O Brasil responde por metade da produção mundial da fruta e garante mais de 75% do suco comercializado no planeta. Evaristo de Miranda via Oeste:
No
Brasil, a laranja não é cor de laranja, e sim verde. Ou amarela. Essa
contradição cromática envolve clima e genética. Para chegar à cor
laranja viva, tirando para o vermelho e não para o amarelo, como em
variedades da Espanha, Marrocos ou Estados Unidos, a fruta precisa de
variações de luz e temperaturas raras em climas tropicais.
Com
suas laranjas verdes e amarelas, o Brasil responde por metade da
produção mundial da fruta, seguido por China e EUA. O país garante mais
de 75% do suco comercializado no mundo. Movimentando bilhões de dólares,
o suco brasileiro chega amarelinho aos EUA, à União Europeia, Suíça,
Japão, Coreia do Sul e à China, lá na Ásia, onde a laranja volta às
origens.
As
variedades de citros são todas originárias da Ásia, como revelou o
sequenciamento de seu DNA. Elas surgiram de cruzamentos espontâneos
entre quatro espécies ancestrais (cidra, tangerina, toranja e papeda).
Os
primeiros citros chegaram à Europa durante a Idade Média pelas Cruzadas
e pelos árabes.
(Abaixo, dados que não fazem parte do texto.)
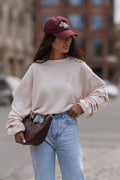 Women's sweatshirt pink crew neck loose fit front view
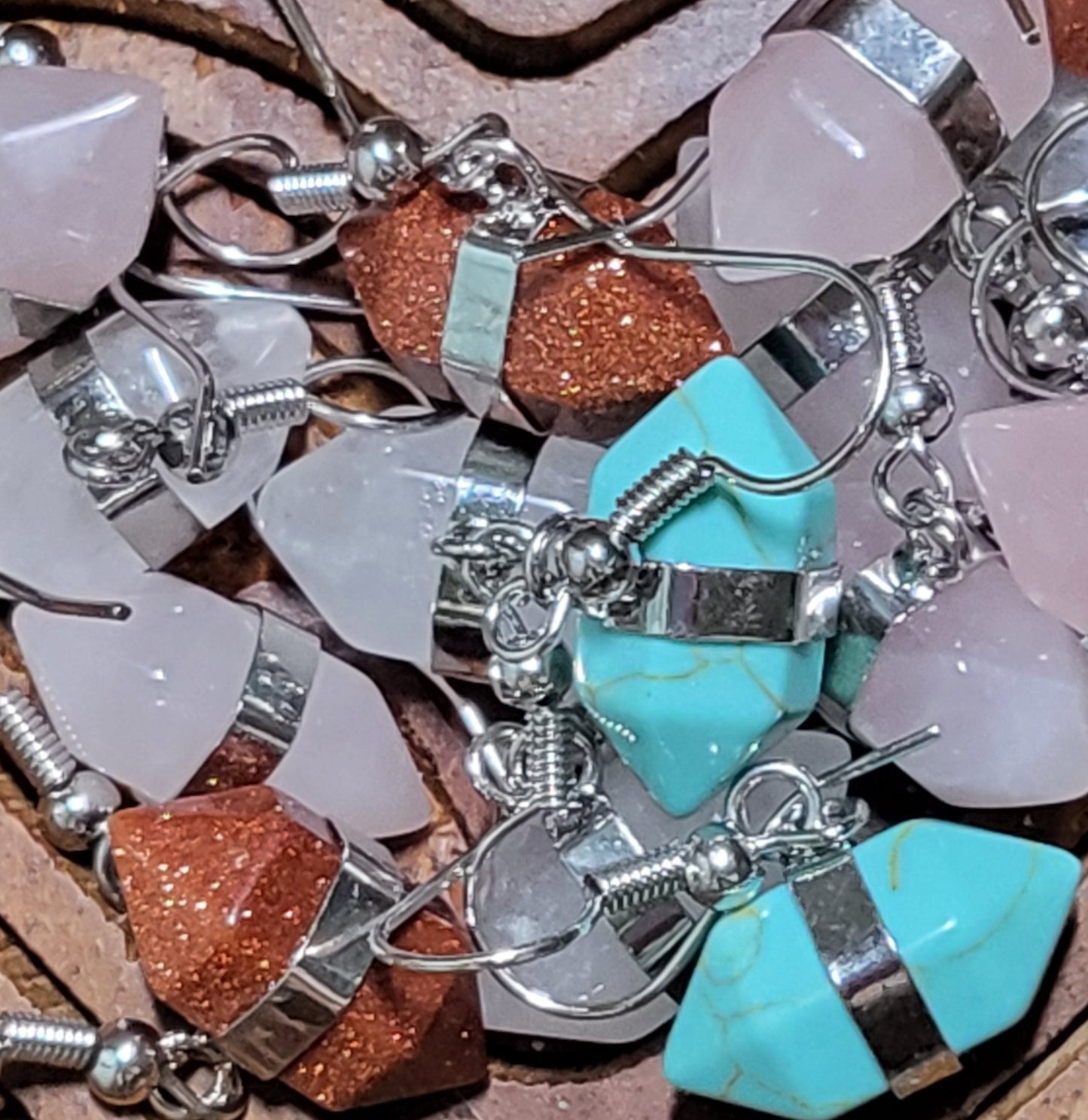 Earrings Blue Howlite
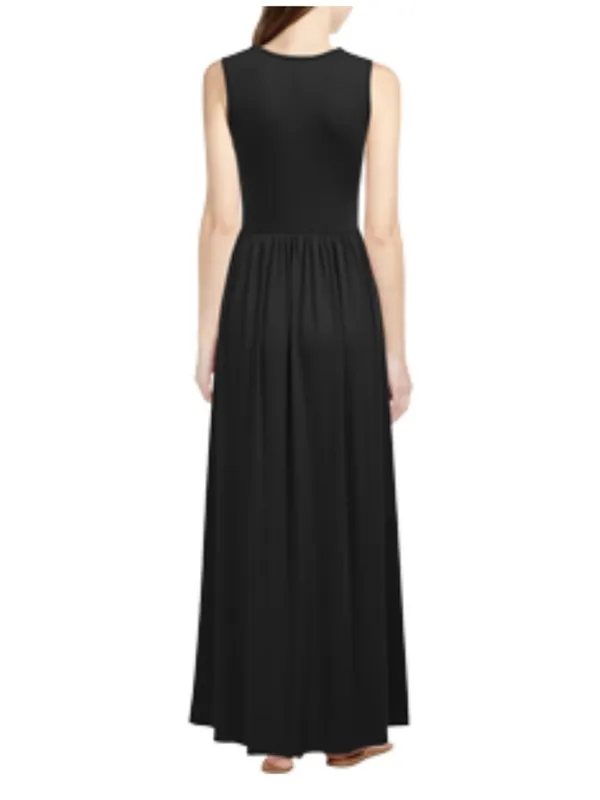 NEW WOOSEA Black Sleeveless Deep V-Neck Maxi Dress L - Image 2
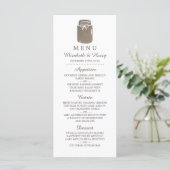 Menu Rustic Burlap Mason Jar Wedding (Staand voorkant)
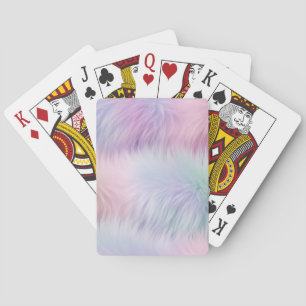 Pastel Rainbow Fur Poker Cards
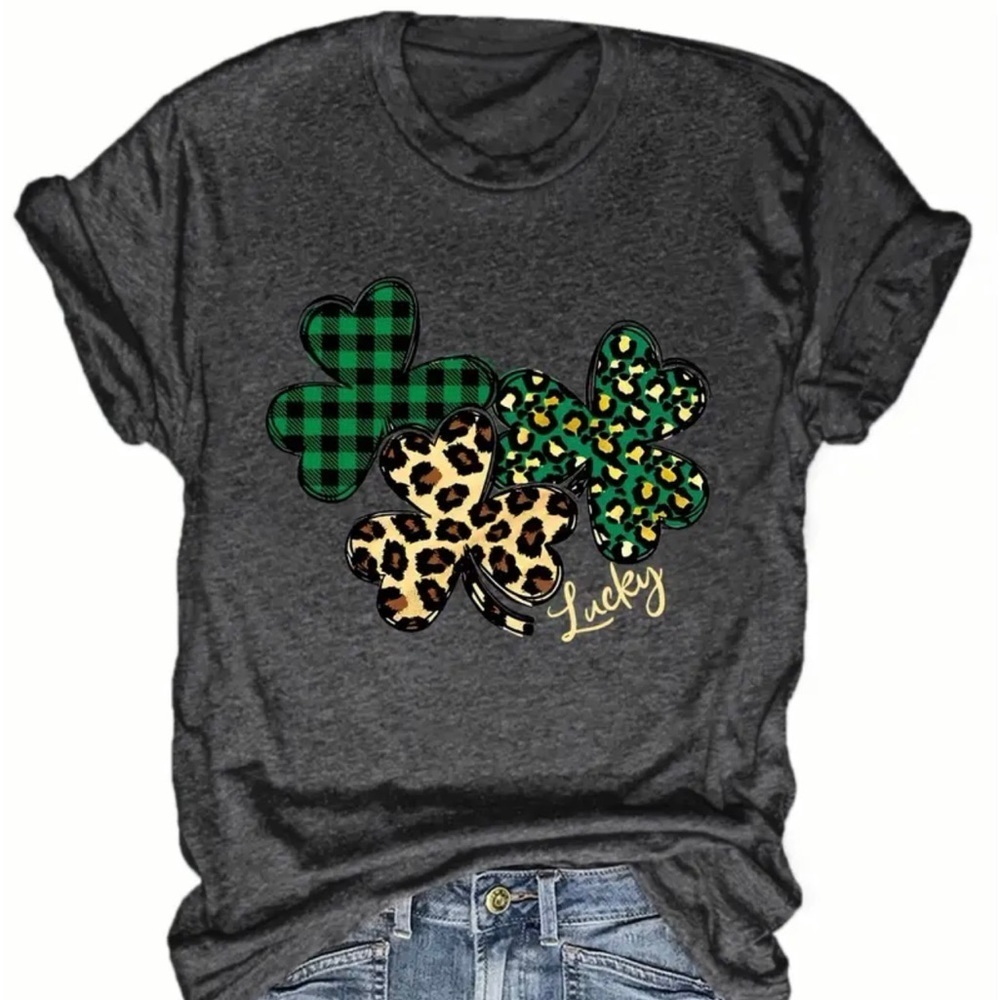 St Patrick’s Day Animal Print Lucky Graphic T Shirt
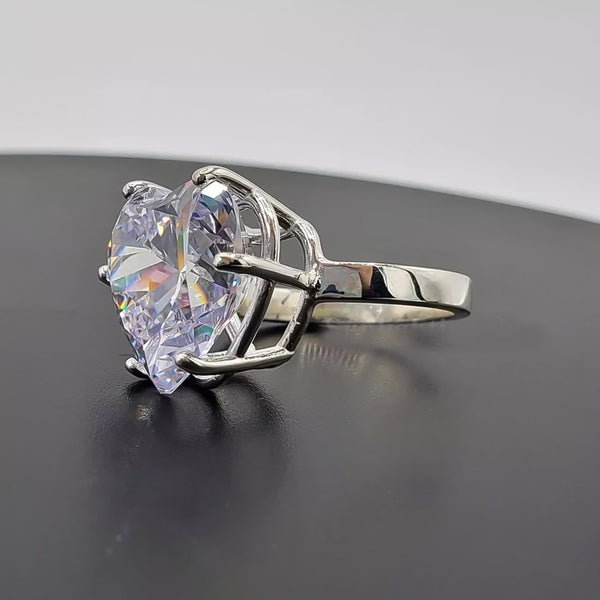 7.2 Ct White Moissanite Heart Solitaire Ring - 925 Sterling Silver Gold Vermeil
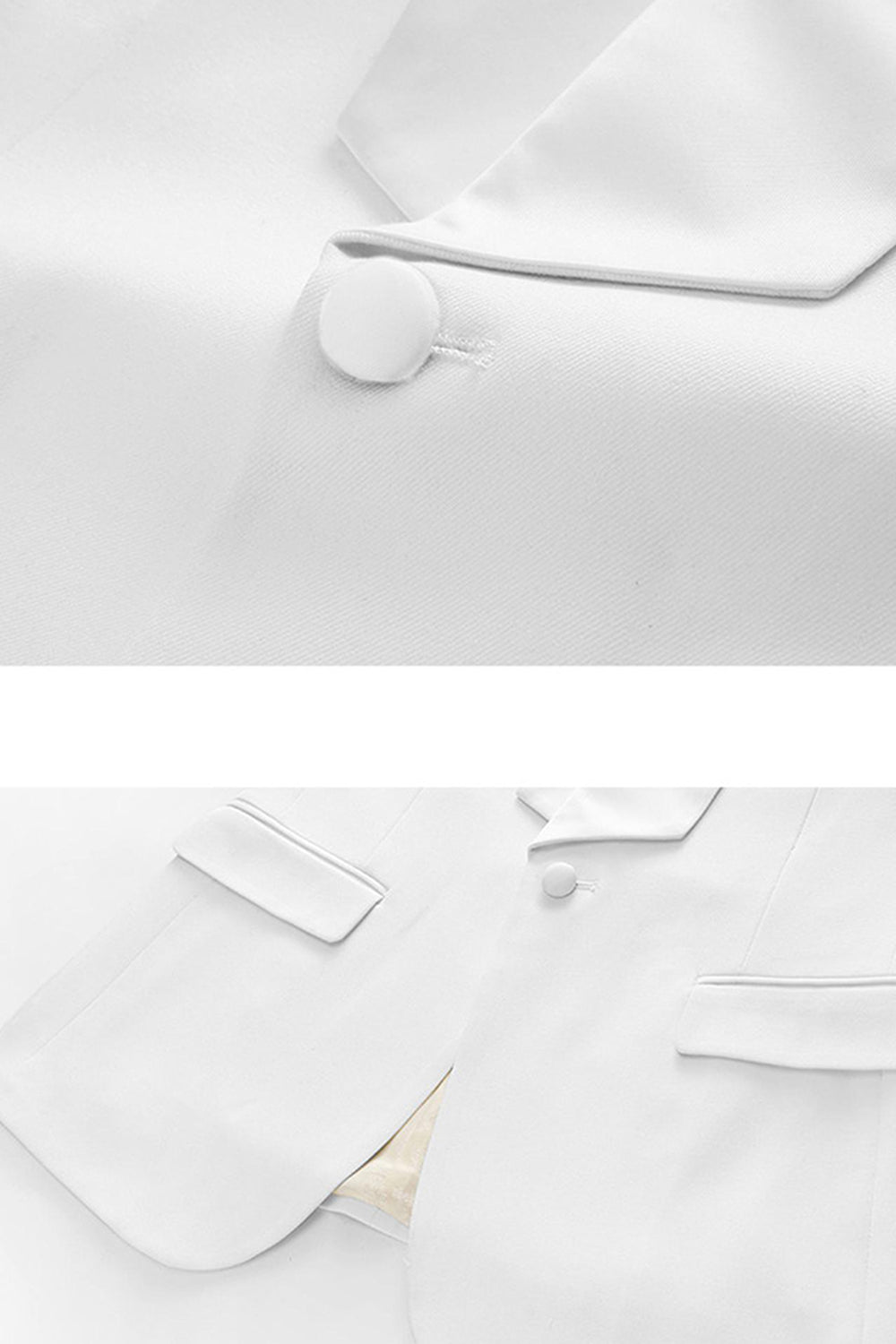 Blanc 3 pièces châle revers costumes de mariage pour hommes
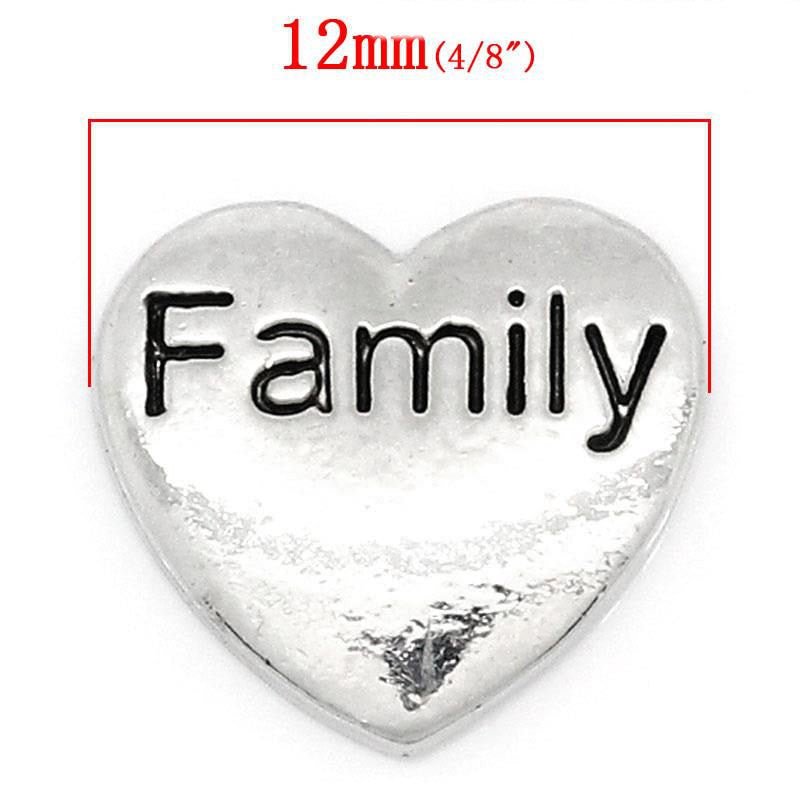 4 Silver FAMILY Heart Floating Charms for Memory Lockets, silver tone metal, chs1628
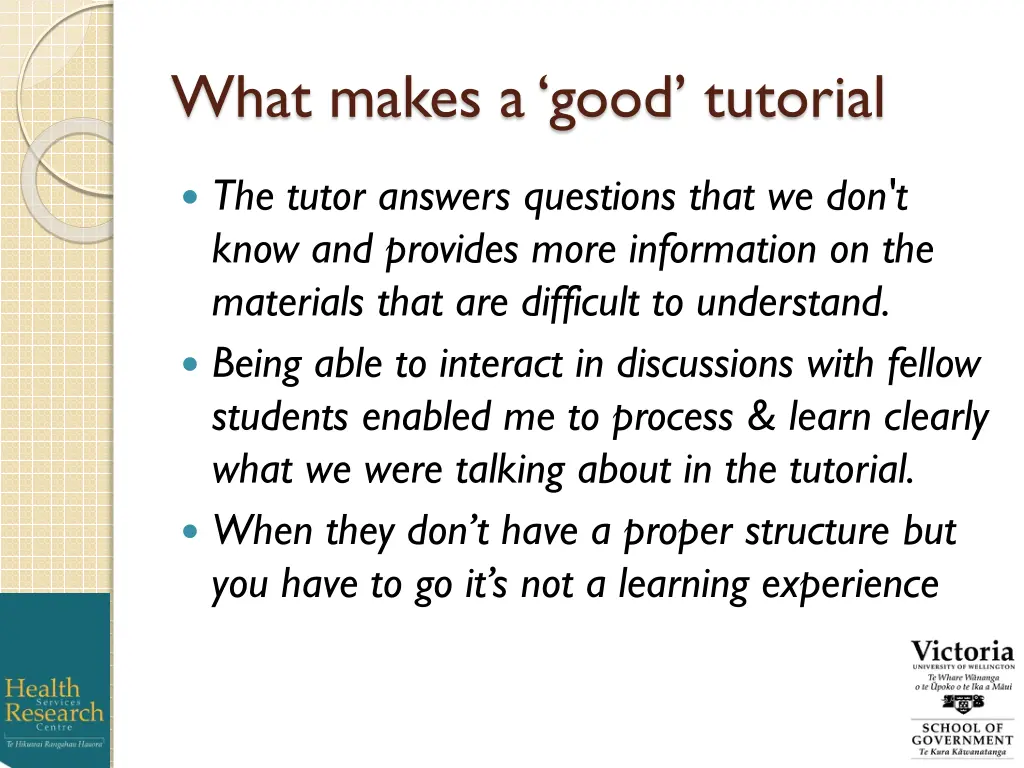 what makes a good tutorial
Eram limões e laranjas amargas cultivadas no clima
mediterrânico. A palavra laranja vem do árabe nâranj, derivado de
nâranga, em sânscrito, e significa “veneno para elefantes”, referência
lendária a um elefante morto de tanto comer laranjas. Dizem.
A
laranja doce (Citrus cinensis), a mais conhecida e cultivada, chegou à
Europa graças aos portugueses e suas navegações para Índia e Ásia. A
laranja é chamada literalmente de “portuguesa” em vários países:
portokali em grego; portakal em turco; portocala em romeno e portogallo
com diferentes grafias em dialetos italianos.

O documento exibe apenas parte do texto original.